I have a couple of questions. Can this library merge two audio segments into one media file? And is it possible to process videos without using Canvas?

Vanilagy commented 1 year ago

Hey!

So what you'll want to do is combine (mix) the two audio signals before encoding and muxing them, not muxing them separately and trying to combine them later. We can do this easily using the WebAudio API, by just hooking up some MediaStreamSourceNodes to a MediaStreamDestinationNode:

let audioContext = new AudioContext()

// Create MediaStreamSource nodes
let micStream = await navigator.mediaDevices.getUserMedia({ audio: true })
let micSource = audioContext.createMediaStreamSource(micStream)
let micGain = audioContext.createGain()

let displayStream = await navigator.mediaDevices.getDisplayMedia({ video: true, audio: true })
let displaySource = audioContext.createMediaStreamSource(displayStream)
let displayGain = audioContext.createGain()

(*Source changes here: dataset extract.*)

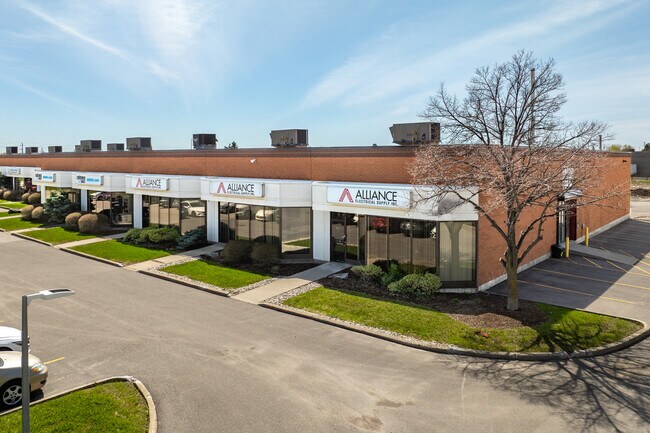 Plus de détails pour 4 Kenview Blvd, Brampton, ON - Industriel à louer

// Create the MediaStreamDestination
let destination = audioContext.createMediaStreamDestination()

// Connect the microphone source to gain node and destination
micSource.connect(micGain)
micGain.connect(destination)

// Connect the display source to gain node and destination
displaySource.connect(displayGain)
displayGain.connect(destination)

// Set whatever volumes you want
micGain.gain.value = 1
displayGain.gain.value = 0.7

// Create the MediaStreamTrackProcessor
let trackProcessor = new MediaStreamTrackProcessor(destination.stream.getAudioTracks()[0])
let consumer = new WritableStream({
    write(audioData) {
        // Assuming the AudioEncoder and stuff are set up already
        audioEncoder.encode(audioData);
        audioData.close();
    }
});
trackProcessor.readable.pipeTo(consumer);

I added some GainNodes to also control the volume, which you might wanna do.

For your second question, of course it is. You can use a second MediaStreamTrackProcessor to get VideoFrames from a video track, which is likely what you want to do for capturing the recorded screen. Additionally, you can create VideoFrames manually. You're not limited by canvas, that's just something I did in my demo. By my knowledge, I think you can also draw a MediaStream directly to a canvas by going through a <video> element with its srcObject set. You could then also use that to generate a new VideoFrame.

Vanilagy commented 1 year ago

Do you still need help or can I close this issue?